Of course, you also don't meet talented actors, writers, directors in SB. There are plenty of rich actors or movie stars with homes in Montecito, but they are established older people who wanted a great house by the beach, not working, everyday talented people who may never make it at all, let alone make it big. There is, then , an absence at once of intellectuals, professionals, and talented/creative types which for many years thrust me into a profound and crippling depression.

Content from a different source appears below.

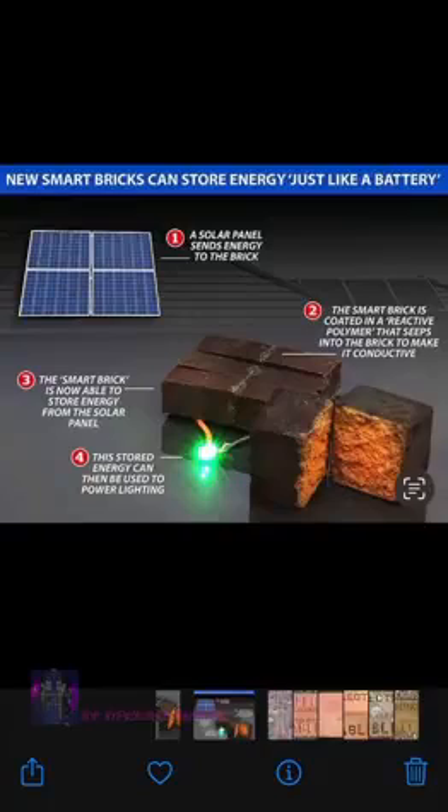Nothing is new under the sun — just borrowed, repurposed technology from the old world. Now it's beginning to become clear. All those red brick roads and those red brick buildings, to go along nicely with all that antiquatech. The truth has been hidden in plain sight all along.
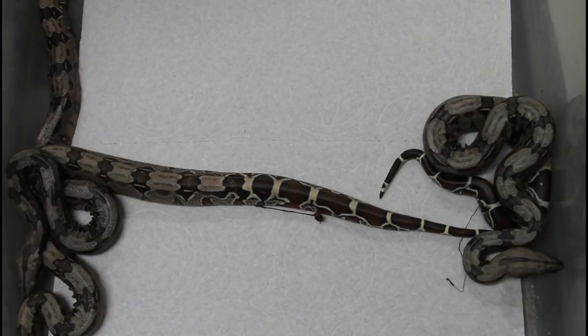First of all, this is a Suriname true redtail boa. The female just dropped most of her babies, so we're going to take them out, check out the babies, and see how the mother's doing and clean up the cage. I'm also going to show you the babies that were born already and explain why these babies were born on separate days, so stay tuned.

It was not all the fault of SB. I hated the English department at UCSB, or at least the graduate students. I had very few friends and no dates. I loved some of my professors, profoundly, but the department is 80% "CS"--Cultural Studies--and coming from Yale, I was interested in language-based criticism, not just deconstruction, but close reading. While I am a liberal in politics (and an ultra-liberal on social issues like gay rights and abortion), I am a conservative in the cultural domain. I like history and politics but I don't want to mix my literature (particularly my field, the 19th-century) with them. Thus, New Historicism and Cultural Materialism (and obviously Marxist anything, ugh) hold zero appeal for me. (In Renaissance Studies and also the 18th-century, these approaches do have a place, not the Marxist tripe, but the other two influential critical movements, due to the highly public, political, and social nature of the literature of those periods.)
I am not interested in the relation between literature and race, gender, sexuality, sexual orientation, economics and the other disciplines that have invaded and overtaken English departments in the last 20 years or so. This is not to say I don't enjoy reading the work of others on occasion who practice this sort of criticism, but I have zero interest in writing anything on these issues. I am in love with philosophy and wish I had graduated from college in four rather than three years so I could have double majored in English and philosophy in the Golden Age of philosophy , at least one of them, at Yale (early 1990s). I actually care about the category of "the literary," a passe notion in most departments today (some are even worse than UCSB, for instance Duke). I care about ethics, aesthetics, language itself. I am highly invested in notions of mind and consciousness more particularly. I love both poetry and fiction, and poetry has become a smaller and smaller part of English departments, sadly, since so many courses focus on texts after 1800. Yale had four pre-1800 requirements when I was there, which translates essentially into four poetry courses, after the famous 2 semester 125, Major British Poets (Chaucer, Spenser, Donne, Milton, Pope, Wordsworth, Yeats/Bishop/Eliot/Stevens--one of these).
I am truly happy now, but SB is SB and I am so grateful I get to spend time in LA and NYC, as I really am both an LA girl and an East Coaster. I recently attended a dinner party with my wonderful boyfriend and met a tremendous woman my age with little boys, 1.5 and 6. I wrote to Gregg that I'm sure if you are married with kids, and can meet other great and smart women at school, you can develop a group of engaging friends. But for a single woman in SB "of a certain age," it's just extremely difficult.